The Leprosy Museum in the district children's home of the Westphalian city of Münster is Germany's only museum devoted to the history, the proliferation and the fight against the disease leprosy apart sets. In addition, it offers special and traveling exhibitions, colloquiums, lectures, publications and teaching materials on this topic. The museum is supported by the Society for Leprosy

history

The “Lazarus House” of the museum

The founding of the Leprosy Museum in Münster goes back to 1984 with the founding of the Society for Leprosy. The initiators of this society were the then head of the Northwest Action Center of the German Leper Aid Organization, Wolfgang Nitsch, and the doctor Dr. Diederich Winterhoff. In the following year, the city of Münster gave the newly founded society two rooms for the establishment of a museum in the children's home, the former leprosy of the city, i.e. at the place where the lepers were abandoned.

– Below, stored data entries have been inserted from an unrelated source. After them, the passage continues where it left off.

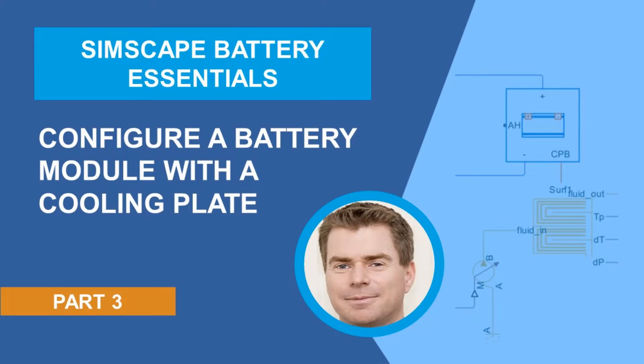Hello everyone, my name is Graeme Dudgeon and welcome to part 3 in a series of videos where we'll provide insights and worked examples on the use of Simscape Battery, a new product in the Simscape portfolio.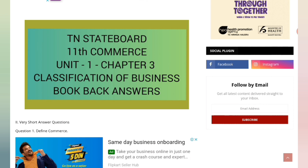I am also referring to another YouTube channel — Max Maithili — which is one of the biggest YouTube channels. They explain for 11th standard Tamil Nadu State Board students very well. She has reached a big level, so please do refer to that channel for Business Maths, Accountancy, Commerce, and Economics.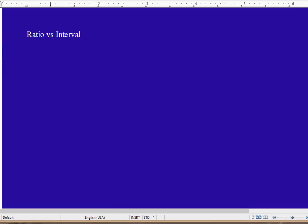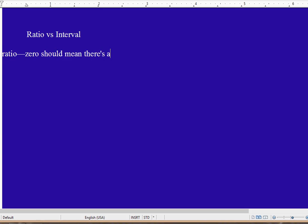We said in the last video, a good test for which one it is, is if it's ratio, then zero should mean absolutely nothing.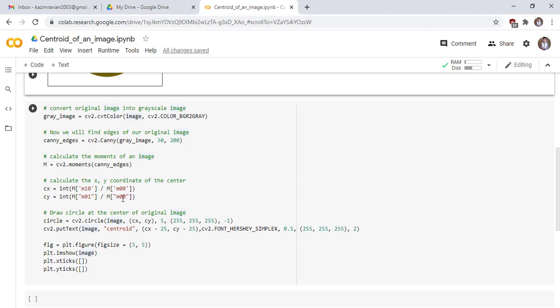Draw a circle at the center of the image. Now we draw circle at the center of our original image using circle function of cv2. Pass our original image.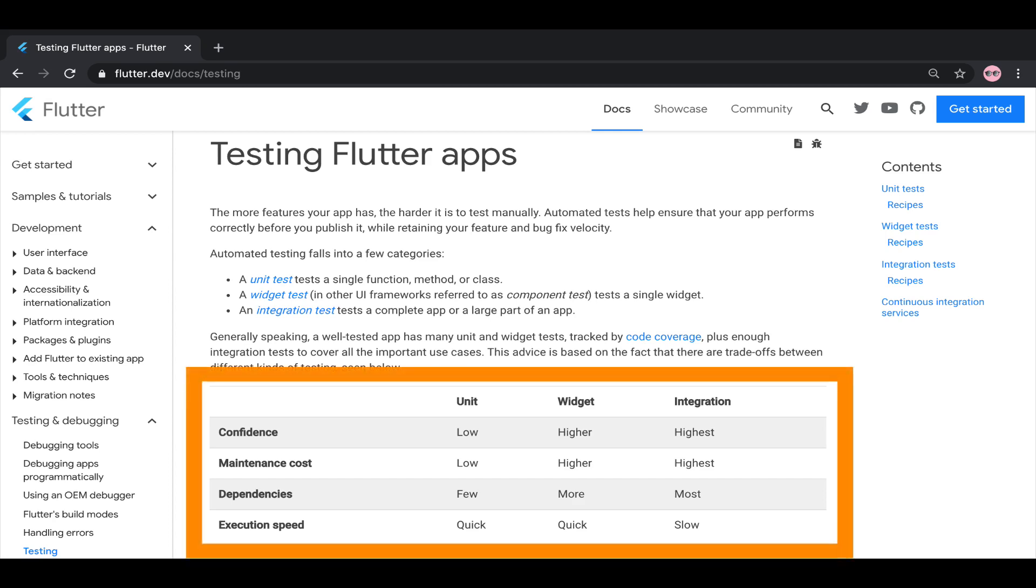Flutter allows you to run three different types of automated tests out of the box. Each of these techniques has different strong points and trade-offs.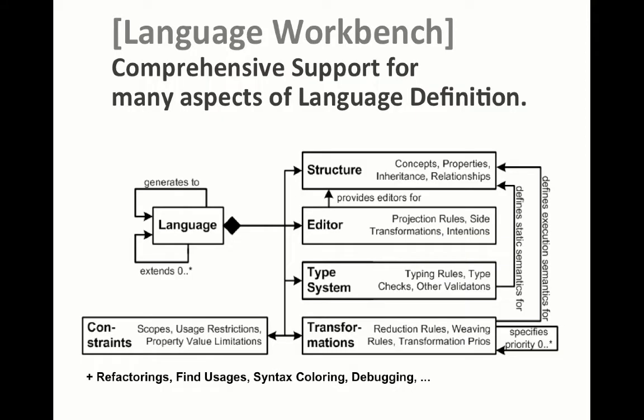We use MPS for a number of reasons. One of them is that it's a very complete language workbench in the sense that it supports many language aspects. Of course, obviously, it supports structures, editors and constraints like most language workbenches. But it also supports a nice language for specifying type systems, for defining DSL-specific debuggers, refactorings and, of course, transformations and interpreters.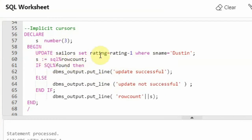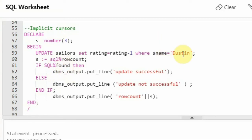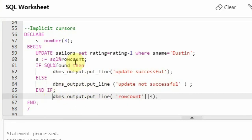I am using if and else here. 'If SQL%FOUND' — SQL%FOUND will give true if there is any result. Since it is true, because we are saying Dustin and Dustin is there in the sailors table, this becomes true. Then the result is 'update successful'. And else we are saying 'update not successful'. Also I am finally printing the row count — this statement will print irrespective of update successful or not. This program is checking the implicit cursors.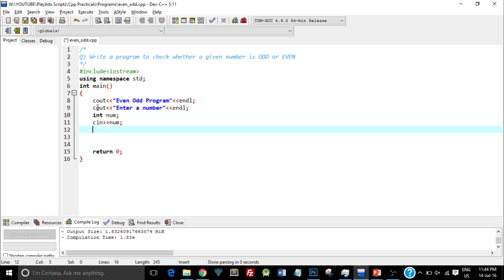So in previous video tutorials, we saw a modulo operation. So what a modulo operator does is it gives us the remainder of the expression. So for example,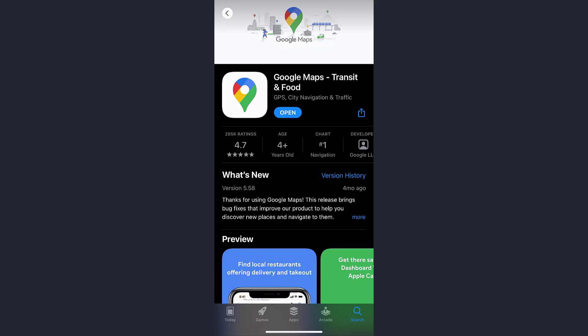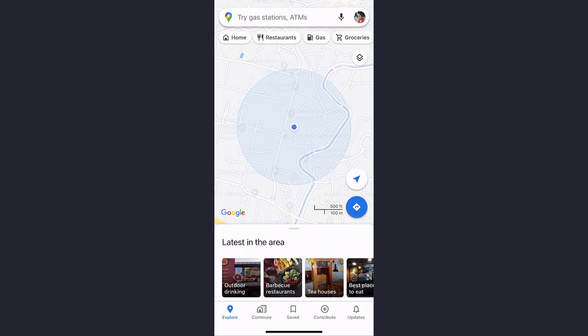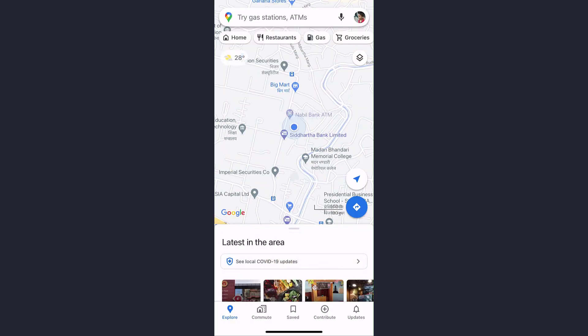Hey guys, welcome back to my channel. In today's video I'll show you how you can view Google Maps in satellite view. First of all, open the app, then make sure you are already logged into your account.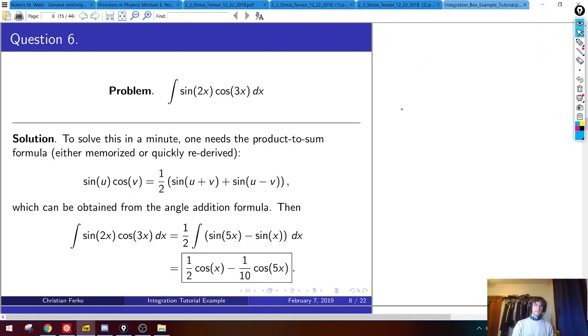This next one is tricky. If you were doing the Integration B, you'd probably have all your trig formulas memorized, but I didn't have this product-to-sum formula memorized and had to re-derive it.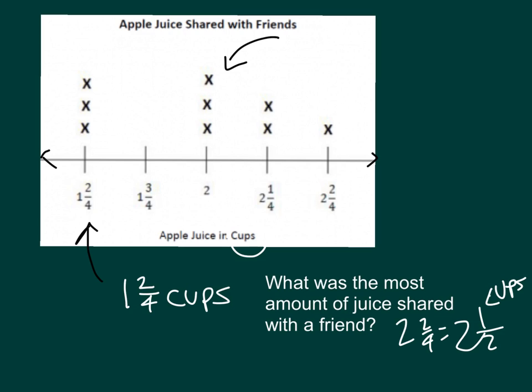So we have a line plot there, and within this lesson, we actually talked about how to take that data from a table to place it onto a line plot.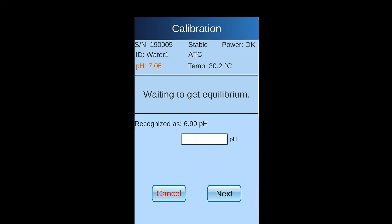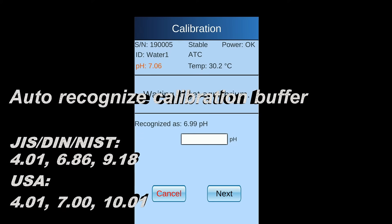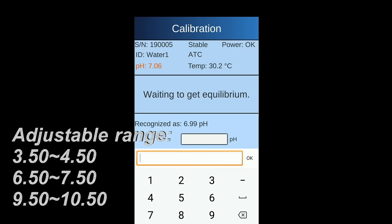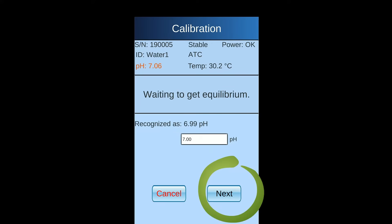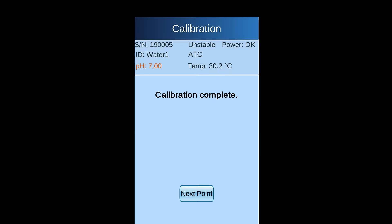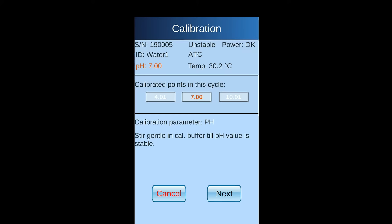PH pen will auto-recognize the buffer. If the recognized value is different from what you are using, you may adjust it or you may directly press next key to next page. Stir gentle till the reading is stable and you will see calibration complete appears. Press next point for more points.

The museum received support from the Münster City Museum , which made exhibits from its exhibition “Pest and Leprosy in Münster” available. The museum opened on January 29, 1986, World Leprosy Day . It is the only museum of its kind in Germany. Due to the growing exhibition, the premises were expanded in 1988 and 1993.

Lazarus house

The so-called Lazarushäuschen is a special feature of the museum. The approximately 3 m × 3 m large and 4.45 m high building is the only one known in Germany of a former leprosarium. There is evidence that it already existed around 1586 on the trade route from Münster to Friesland , where travelers could deposit donations for people suffering from leprosy. The current interior with the stone sculptures of Lazarus and Saint Gertrude, the two patron saints of lepers, dates from the time of the renovation around 1618.

location

The museum is located about 5 km north of the center of Münster in the Kinderhaus district; the address is: Kinderhaus 15, 48159 Münster.

Exhibitions

  • 2001: Ralf Klötzer (Hrsg.): Kinderhaus 1534–1618: The leprosy house of the city of Münster from the Anabaptist rule to the Thirty Years War. (also literature)
  • 2007: Mirko Krabus: Kinderhaus 1333–1533: The children's home of the city of Münster from its beginnings to the Anabaptist rule. (also literature)
  • 2010: Leonie Kegel (ed.): Children's house 1660–1760: The former Leprosenhof of the city of Münster as a house of education and a poor house. (also literature)
  • 2016: Christopher Görlich: Kinderhaus 1760–1920. The poor house children's house in the long 19th century. (also literature)

Web links

Commons : Leprosy  Museum in Münster - collection of pictures

Individual evidence

  1. ^ The poor children of God in Frankfurter Allgemeine Sonntagszeitung on January 29, 2011, pp. 58, 61.
  2. Eckart Roloff and Karin Henke-Wendt: The leprosy brought exclusion and social death. (The Leprosy Museum in Münster-Kinderhaus) In: Visit your doctor or pharmacist. A tour through Germany's museums for medicine and pharmacy. S. Hirzel Verlag, Stuttgart 2015, pp. 144-146, ISBN 978-3-7776-2510-2 .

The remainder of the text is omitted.